The government will borrow £2 billion to support an "accelerated construction" scheme, which aims to get houses built on publicly-owned brownfield land available for swift development. This is aimed at encouraging new developers to build up to 15,000 homes in this parliament.

There is also expected to be a £3 billion home building fund to provide loans to stimulate projects, the fund will release £1 billion of short term loans for small builders, custom builders and innovative developers to deliver 25,000 homes by 2020, while a further £2 billion of long term funding for infrastructure will be aimed at delivering up to 200,000 homes.

In advance of the announcement Stewart Baseley, executive chairman of the Home Builders Federation, said: “The industry has increased housing supply significantly in recent years but innovative thinking is required if we are to deliver the number of homes the country needs.

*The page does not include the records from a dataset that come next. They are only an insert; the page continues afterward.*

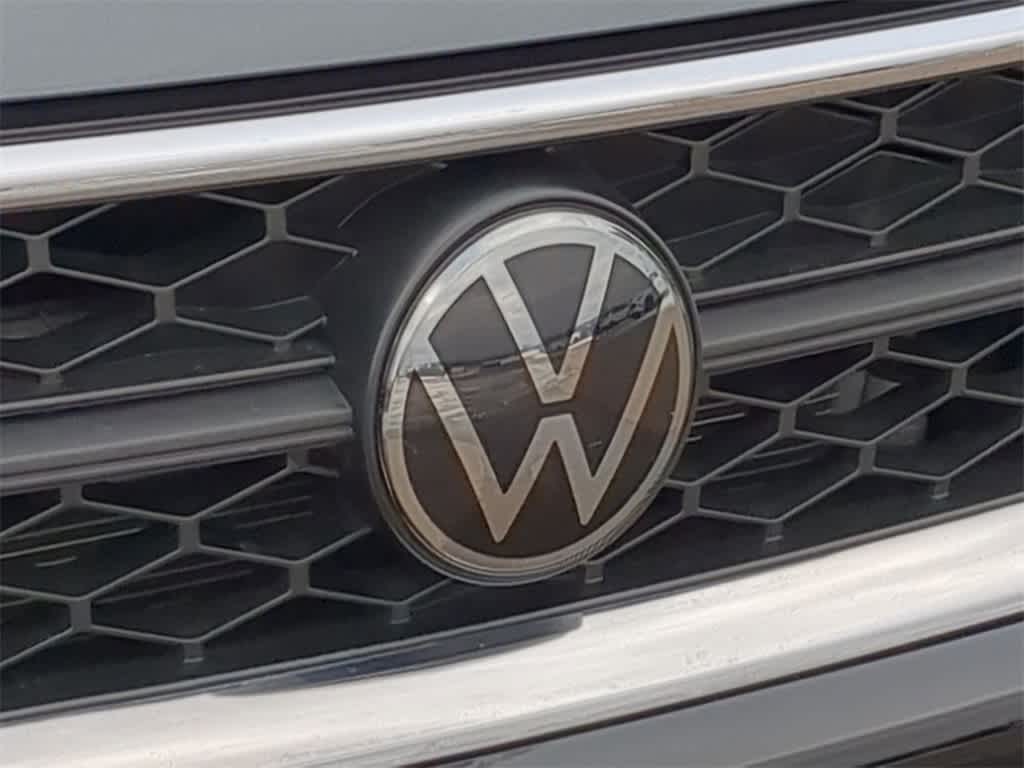 Thumbnail: 2024 Volkswagen Taos - 11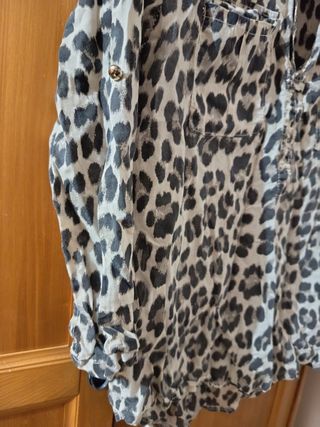 Blusa leopardo manga larga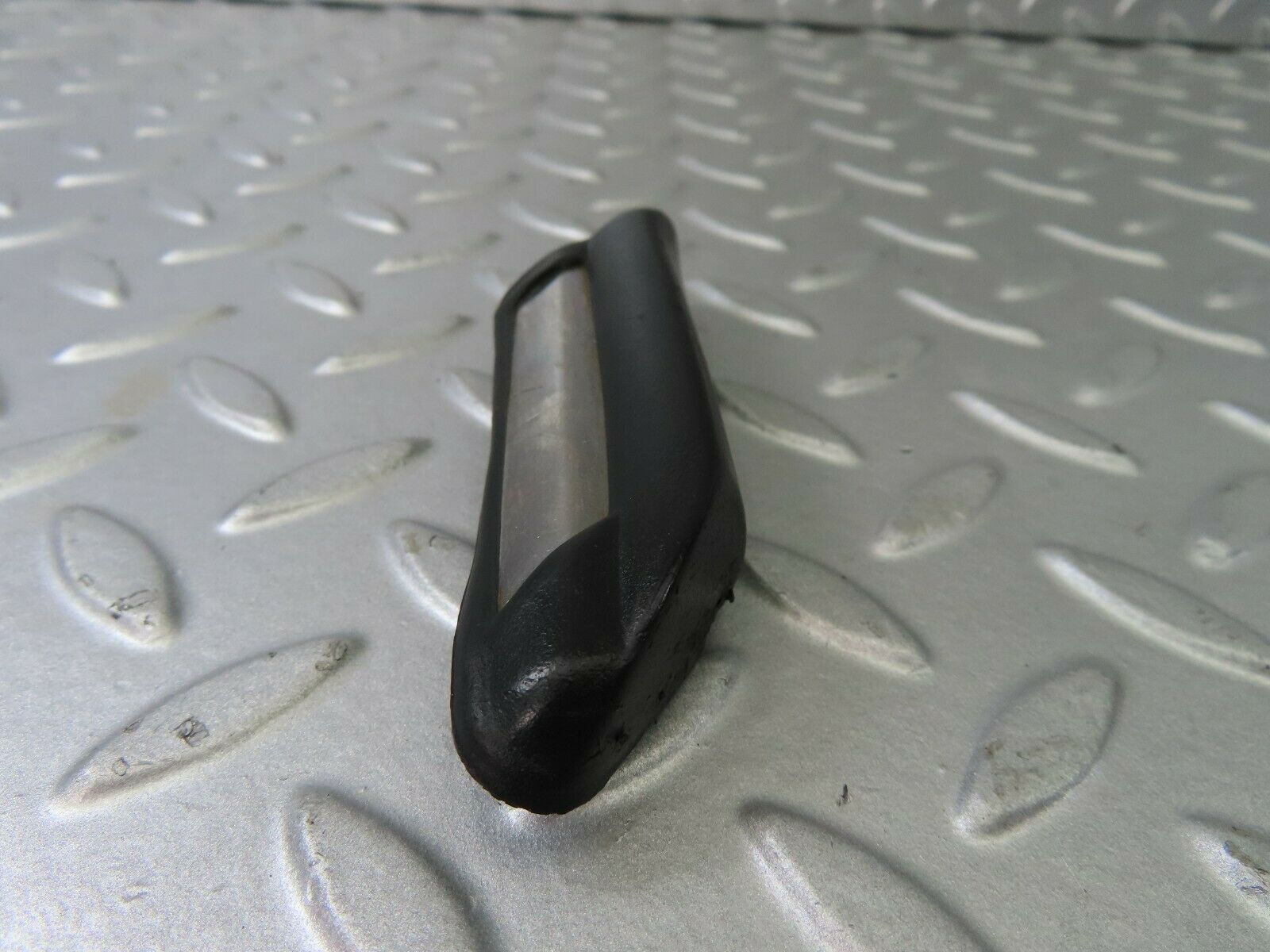 7266 Mercedes-Benz W116 450SE Rear Right Fender Wing Centre Chrome Trim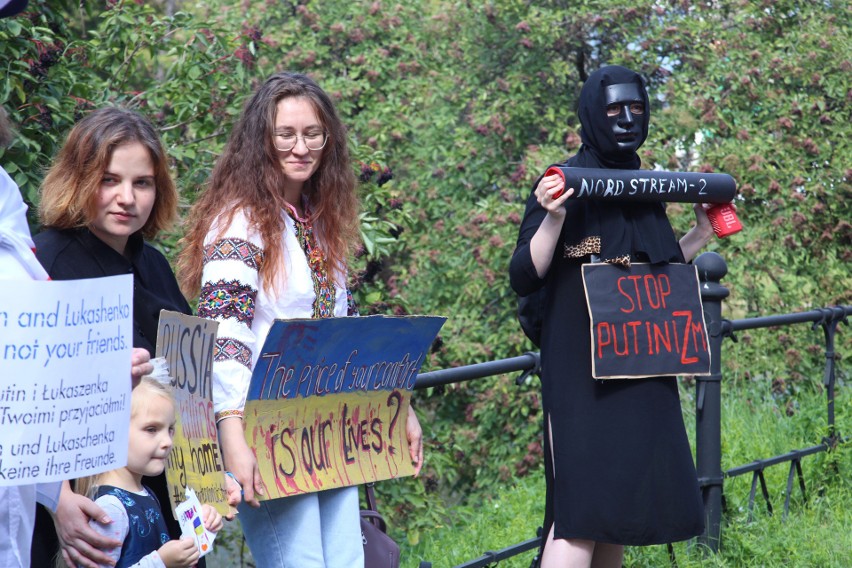 Rosjanie mieszkający we Wrocławiu protestowali pod...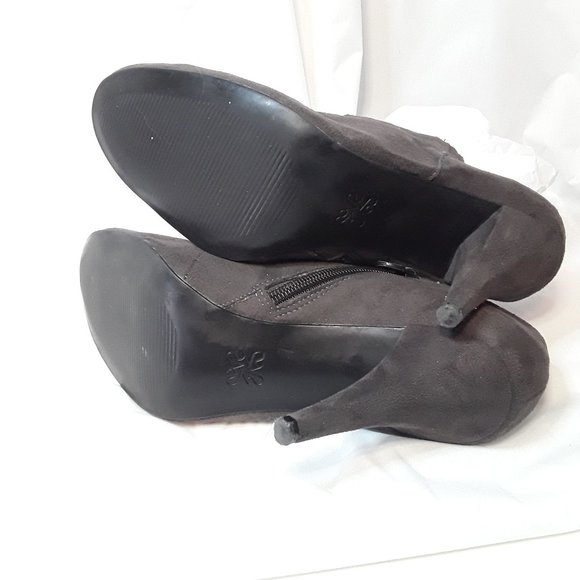 VERA WANG Criss-Cross Front Faux Suede Cone Heel Shoes Size 8 EUC - Picture 5 of 7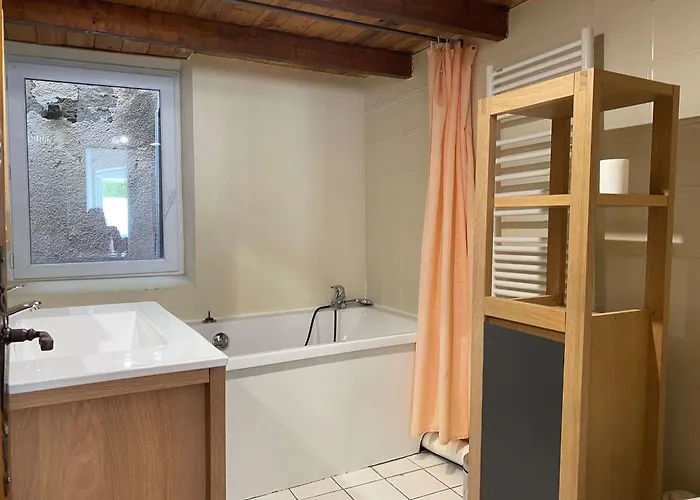 T3 Au Calme Avec Exterieur Privatif, Proche Etang, Equipe, 3 Chambres. - Fr-1-553-86 Apartamento Balaruc-les-Bains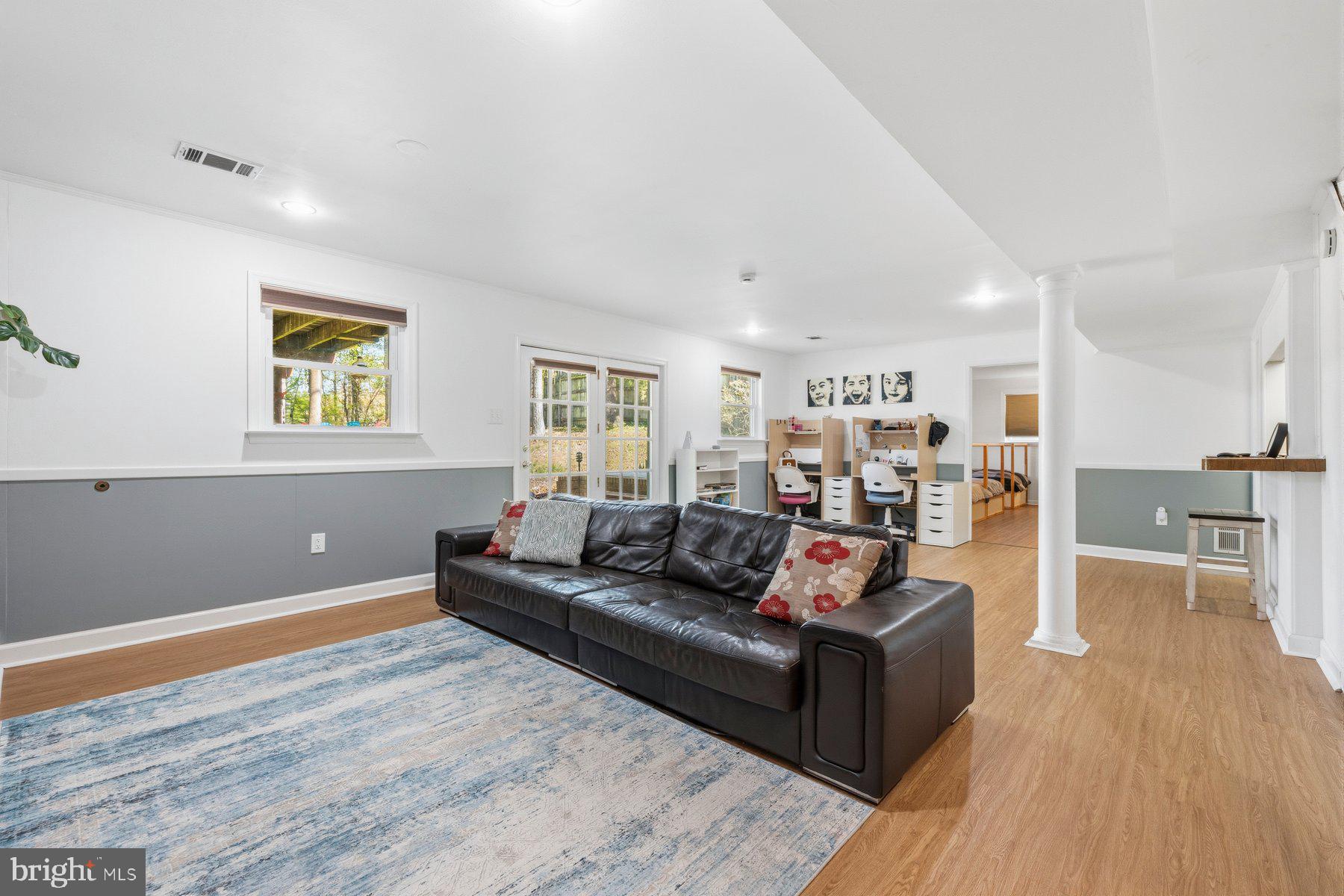 6231 Greeley Boulevard Springfield, VA 22152 - Photo 21 of 33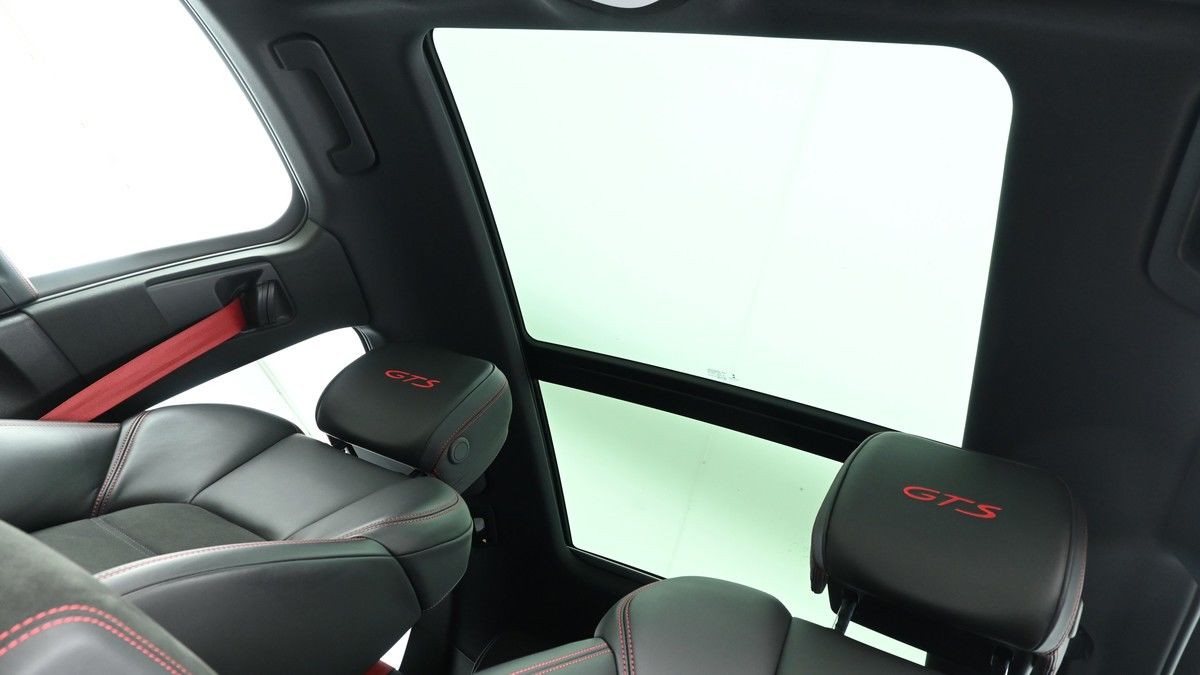 Porsche Macan Image 2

Moves to speed up how quickly builders can get onto sites, to bring more land forward more quickly and to incentivise new entrants will undoubtedly help increase output further.”

For all the latest housebuilding news and events visit www.house-builder.co.uk
2 Oct '16

Never understood why TEF has not been the target of more takeover interest -either a large UK builder wanting a greater London exposure or a foreign newcomer wanting a way to get started. Such a juicy plumb.

That is why I am never fully disinvested even when I see some storm clouds. Just would hate to miss that "whoosh". IN the long run we will rise up to and beyond any amount a take over might offer but would be nice sometimes to see capital gains brought forward. We all could use a few bob in the picket now.